The term “blocking state” of the power semiconductor device may refer to conditions, when the power semiconductor is in a state configured for blocking a load current flow while an external voltage is applied. More particularly, the power semiconductor device may be configured for blocking a forward load current through the power semiconductor device while a forward voltage bias is applied. In comparison, the power semiconductor device may be configured for conducting the forward load current in a “conducting state” of the power semiconductor device while a forward voltage bias is applied. A transition between the blocking state and the conducting state may be controlled by a control electrode or, more particularly, a potential of the control electrode. Said electrical characteristics may, of course, only apply within a predetermined working range of the external voltage and the current density within the power semiconductor device. The term “forward biased blocking state” therefore may refer to conditions with the power semiconductor device being in the blocking state while a forward voltage bias is applied.
The term “power semiconductor device” as used in this specification intends to describe a power semiconductor device on a single chip with high voltage blocking and/or high current-carrying capabilities. In other words, such power semiconductor device is intended for high current, typically in the Ampere range, e.g., up to several ten or hundred Ampere, and/or high voltages, typically above 15 V, more typically 100 V and above, e.g., up to at least 400 V or even more, e.g., up to at least 3 kV, or even up to 10 kV or more, depending on the respective application.
For example, the term “power semiconductor device” as used in this specification is not directed to logic semiconductor devices that are used for, e.g., storing data, computing data and/or other types of semiconductor-based data processing.
For example, the power semiconductor device described below may be a single semiconductor chip, e.g., exhibiting a rectangular cell configuration, a square cell configuration, or a hexagonal cell configuration and can be configured to be employed as a power component in a low-, medium- and/or high voltage application.
Referring first to
The power semiconductor device 1, herein also referred to as “device”, comprises, e.g., in a single chip, a semiconductor body 10 configured to conduct a load current between a first load terminal 11 at a first side 110 of the semiconductor body 10 and a second load terminal 12 at a second side 120 of the semiconductor body 10.
The first side 110 and the second side 120 may be arranged opposite of each other.

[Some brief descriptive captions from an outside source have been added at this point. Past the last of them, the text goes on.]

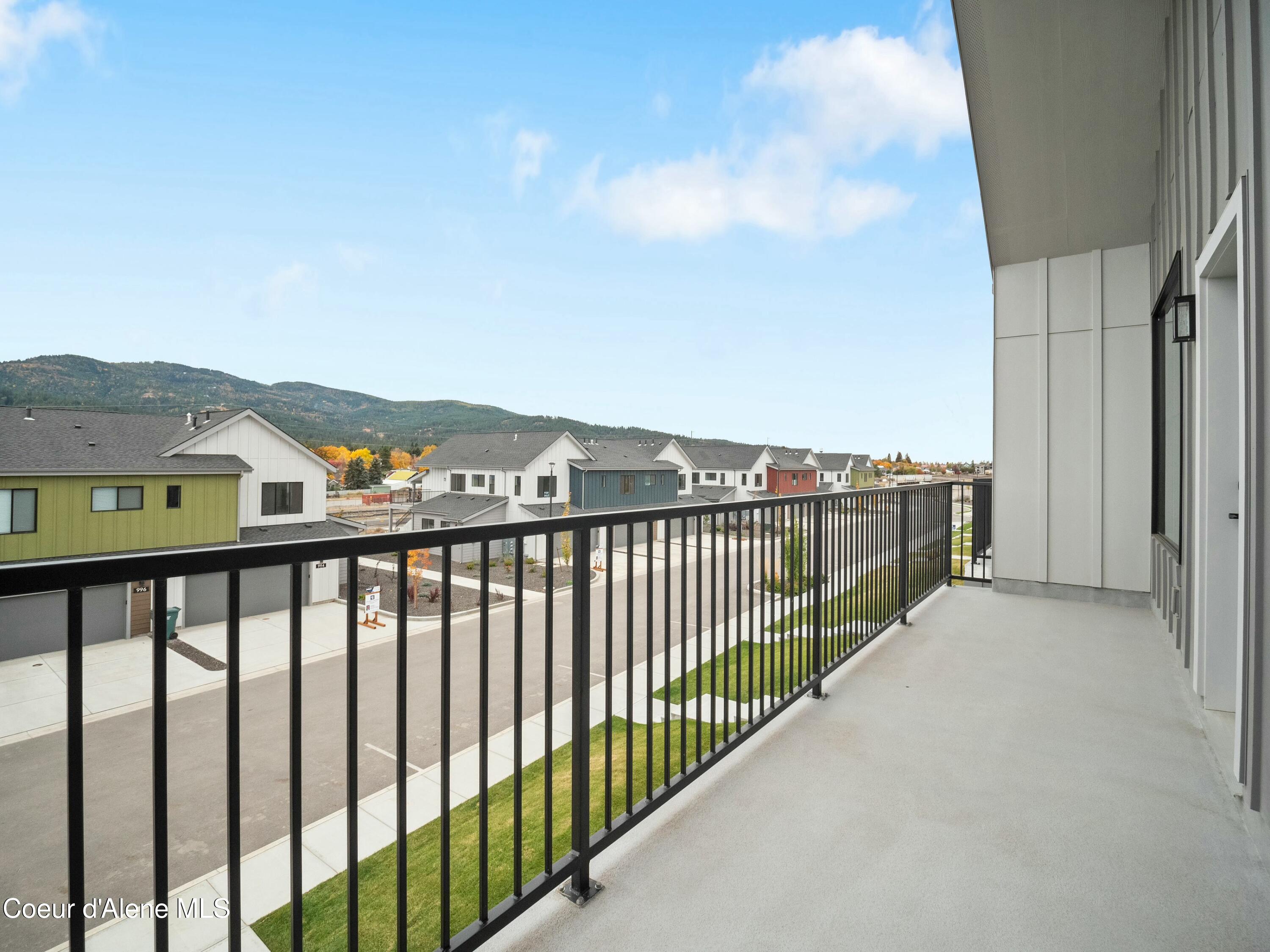 995 E RAILROAD AVENUE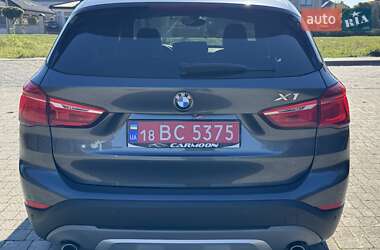 Внедорожник / Кроссовер BMW X1 2015 в 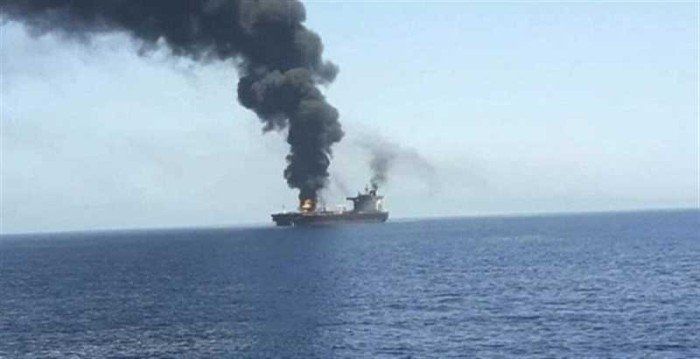 إصابة سفينة شحن في خليج عُمان إثر هجوم بقذيفة أمريكية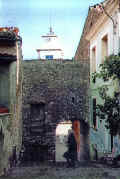 ingresso del palazzo con vista della casamatta di guardia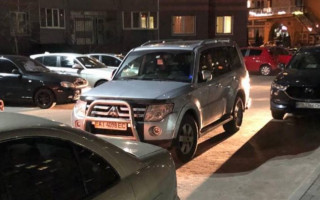 Киевлян разозлил «герой парковки» на внедорожнике, фото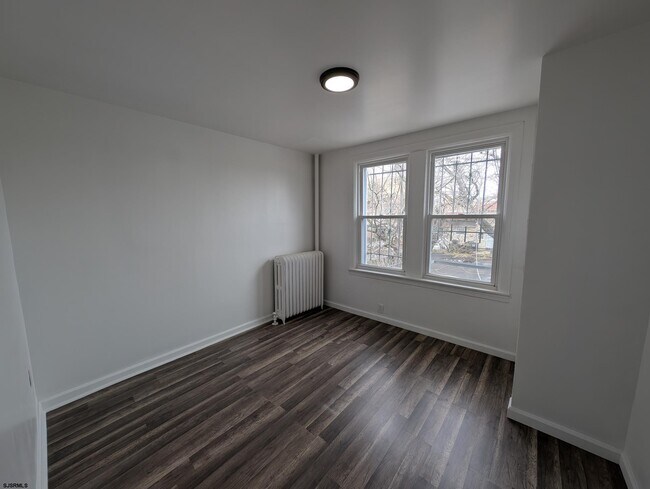 Building Photo - 1115 N Ohio Ave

E.g., the first side 110 is a front side of the device 1 and the second side 120 is a back side of the device 1. Accordingly, the device 1 may exhibit a vertical configuration according to which the load current within the device 1 follows a path in parallel to the vertical direction Z. The semiconductor body 10 may be sandwiched between the first load terminal 11 and the second load terminal 12 and exhibit a vertical extension d, e.g., in the range of 50 μm to 700 μm, depending on the designated maximal blocking voltage.
The device 1 further comprises a drift region 100 of a first conductivity type within the semiconductor body 10. Herein, the term “drift region” is employed with the meaning the skilled person typically associates therewith in the field of power semiconductor devices. For example, the vertical extension of the drift region 100 influences the voltage blocking capabilities (e.g., said maximal blocking voltage) of the device 1.
The device 1 further comprises a trench grid structure 13 that extends from the first side 110 into the semiconductor body 10 towards the second side 120, e.g., along the vertical direction Z. The trench grid structure 13 will be described in greater detail below. The trench grid structure 13 can comprise at least one trench control electrode 141 (cf.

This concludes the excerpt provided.